Blue’s shoulders slumped, momentarily transforming him from a bloodthirsty killer to a disappointed child.
“How long did the outlaws have your friends captive?” Leech asked.
“Never. Forever.” Blue adjusted his trousers. “Always, always throats to sever.”
“First redcap I’ve seen with a flair for the poetic,” said Tipple.
“Any chance you could end that flair?” asked Rook.
“Depends on the cause.” Leech studied the redcap’s skull. “The rhyming might be part of his personality, like Tipple’s drinking or your scowling. It could also be a response to stress, or an effect of those nails. He’s far more intelligible than most redcaps. Adding or removing nails in just the right location might let us change his patterns of speech. There’s no guarantee it would be an improvement, though. More likely, it’d make him worse.”
“Forget I asked.”
The wind was rambunctious today, carrying the spray of the falls like horizontal rain as they crossed the bridge leading out of town. Leech peered over the rail. He had no fear of heights, but he respected the water’s power. He had seen the bodies of the drowned, their lungs bloated, their skin pale and wrinkled. Not to mention the waterfall itself. From time to time, someone would take a boat too close to the edge and get caught up in the current. The bodies were rarely recovered. Which was a shame, as Leech would have loved to study the damage inflicted by such a fall.

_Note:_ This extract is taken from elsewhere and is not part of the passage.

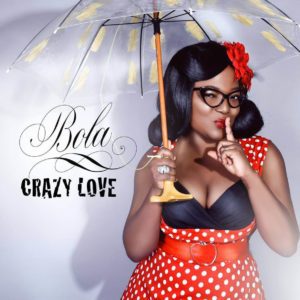 Bola “Crazy Love” Video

“What do these scoundrels have planned for Brightlodge?” asked Inga. “Do you know why they were stealing redcaps, or how they mean to destroy the town?”

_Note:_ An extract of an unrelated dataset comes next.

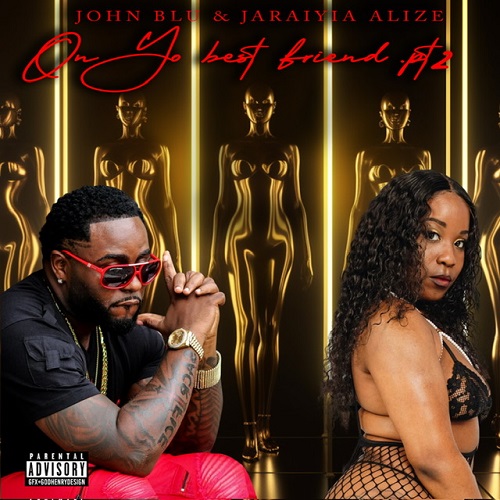 John Blu & Jaraiyia Alize’ – On Yo Best Friend Part 2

Blue didn’t answer. He tugged at his rope, keeping to the centre of the wide bridge and disrupting traffic in both directions.
“Do you even know where to find Nimble John?” demanded Rook.
Blue smirked. “John be nimble, John be smart. John, who stinks like herring farts.”
Rook pulled the redcap close. “If you’re wasting our time …”
“Quiet, stupid humans,” yelled Blue, apparently uncaring of his own volume. “They’ll hear you from their boat. Kill you all.”
Leech lowered his voice. “You’re leading us to a boat?”
“Big boat.” Blue chuckled. “Full of ale and hats and rats.”
“How many crewmen?” asked Rook.
“Lots.”
Leech nodded. “Good.”
Tipple stared at him, an odd expression wrinkling his brow and tightening the corners of his eyes. “That’s good how, exactly?”
“It’s obvious, isn’t it? It’s one thing to beat a weaker force, but once we start crushing a larger group, their morale will shatter like old bones.” Leech shrugged. “Should make it easy to get the truth out of the survivors.”
Blue led them several miles upriver to a spot just south of the Boggins. The ground squished underfoot, and the air smelled of decaying vegetation. Insects buzzed about their heads.
Leech wiped moisture from the lenses of his mask. It was a shame they were in such a hurry. Hopefully he’d have time to collect some frogs and leeches on the way back. He was starting to run low on a few species.
The redcap pointed through a curtain of reeds to a large wooden riverboat anchored on the far side of the water. At first glance, there was nothing unusual about the boat. Flat and wide, it sat relatively low in the water, suggesting a full hold. Faded paint on the side traced the outline of either a snake or a dragon, but too much had peeled and flaked away to be certain. Leech guessed the boat could carry a crew of twenty-some, with room for cargo. A peaked roof covered much of the deck, providing shelter from sun and rain. A series of rusted metal oarlocks were secured to the lower railing. Crates and barrels were stacked and tied down near the aft.
“She’s seen some action,” said Rook.
As he peered closer, Leech began to make out signs of battle. The side bore numerous scars that looked to have been made by axes or hatchets. More telling was the row of faded red caps nailed to the roof, possibly as warnings. Leech counted nineteen such trophies.
Blue turned large, hopeful eyes towards his captors. “Kill them now?”